15. The cause of action arose in 1996 and the respondent will be prejudiced if the application were to be granted because it may not be possible to trace its witnesses and records after nearly 18 years.

16. Regarding the merits of the intended appeal, I am also not satisfied that the same is arguable. The cause of action having arisen on 27th August 1996 and considering that it was based on the tort of negligence that was alleged against the respondent, the suit ought to have been filed within 3 years from the aforesaid date.
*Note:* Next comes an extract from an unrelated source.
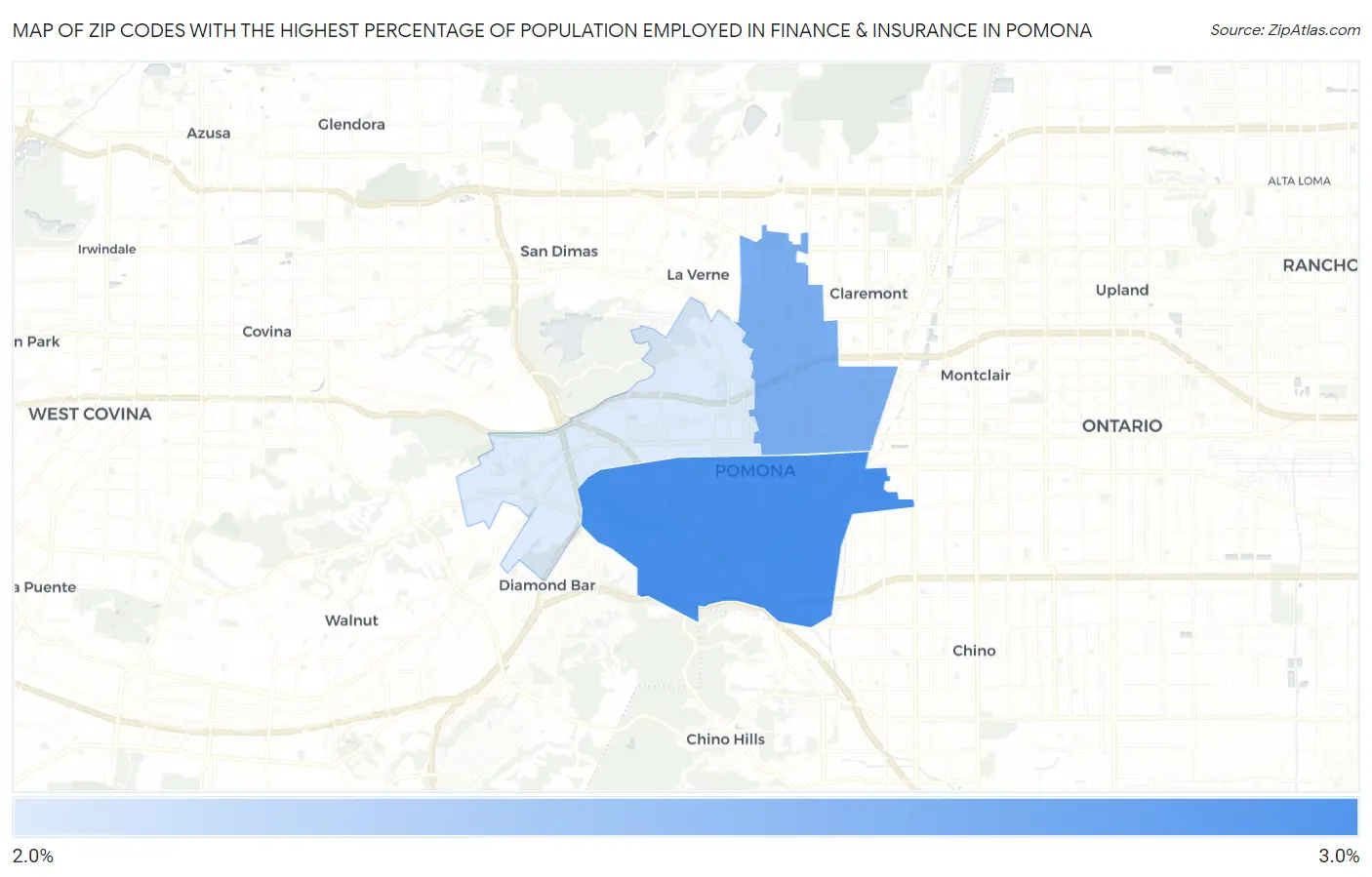 Zip Codes with the Highest Percentage of Population Employed in Finance & Insurance in Pomona Map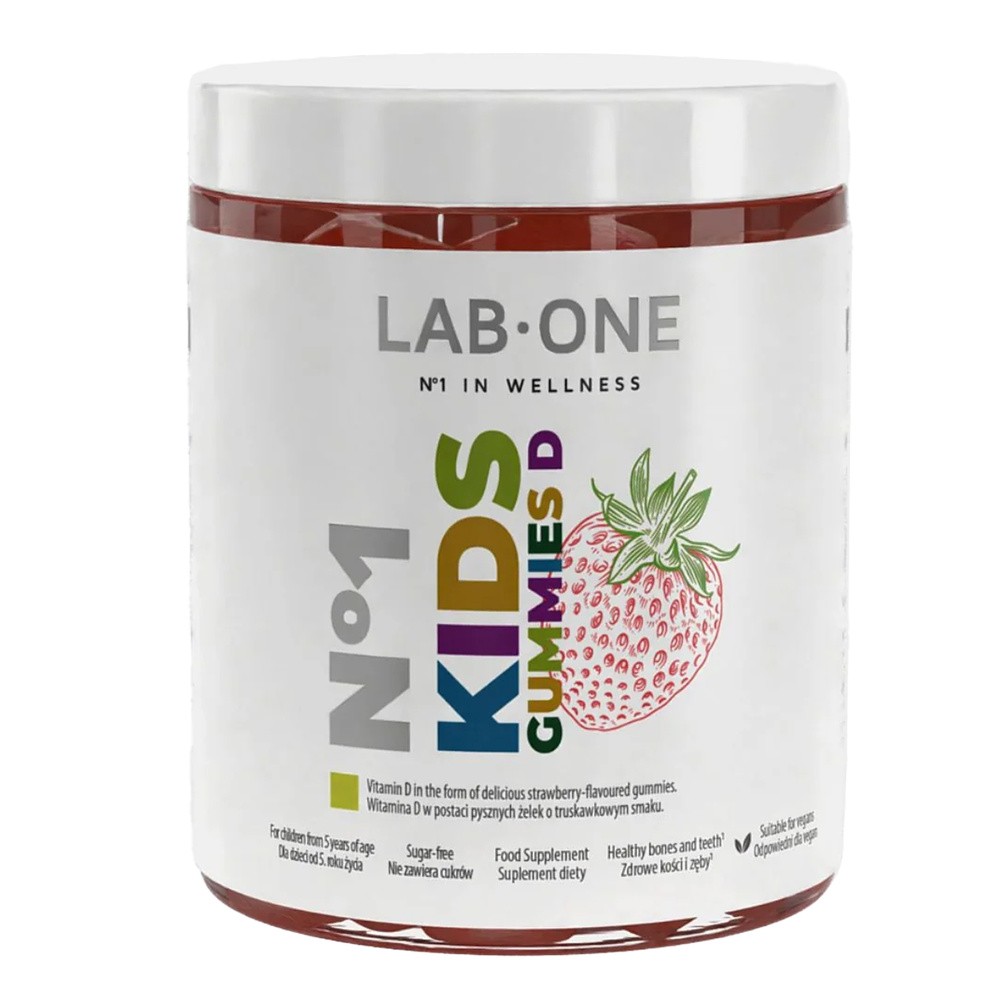 Lab One No 1 KidsGummies D, żelki, smak truskawkowy, 60 sztuk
However, the applicant did not file the suit until 4th February, 2002. In the plaint the applicant claimed:

“(a) A declaration that the defendant’s letter dated 27.8.96 addressed to the United Nations is false in content, injurious in effect, steeped in negligent and/or reckless misrepresentations regarding the conduct, character and integrity of the plaintiff and is therefore wrongful, null and void.

(b) General damages.”

In the judgment delivered by the High Court, the learned Judge held that the applicant was not a party to the medical scheme cover.

17. But the applicant now argues that the Judge’s finding was erroneous because he was a subscriber thereto. Whether that is correct or not, it does not change the fact that the applicant’s claim was not in any way directed against his former employer. The applicant intended to recover damages for the loss and injury occasioned to him due to termination of his employment by the United Nations following the negligent letter that was written to his former employer by the respondent. That claim was clearly unsustainable considering that the suit had been filed out of time and it was rightly abandoned.

18. The other claim that was made by the applicant was that the respondent’s letter breached the contractual doctor-patient relationship based on trust and confidence. Whether that was true or not, I do not see how the documents annexed to the applicant’s supplementary affidavit can salvage the claim. I agree that the applicant was a subscriber to the medical insurance cover but that in itself cannot entitle him to make a tort based claim against the respondent after the statutory period of three years. The respondent would not have been in breach of the doctor-patient relationship by responding to the U.N.’s inquiry whether the applicant had actually been treated at its hospital. What was not right was to cite a wrong date.

19. If the applicant had filed his suit on time and pursued the claim for damages as a result of negligence on the part of the respondent, I think the claim would have had high chances of success. But considering the reasons for dismissal of the applicant’s claim by the High Court, I am not persuaded that the intended appeal has any chance of success. Consequently, this application is dismissed. Each party shall bear its own costs of the application.

Dated and Delivered at Nairobi this 4th day of April, 2014.

D.K. MUSINGA

...............................

JUDGE OF APPEAL

I certify that this is a true copy of the original.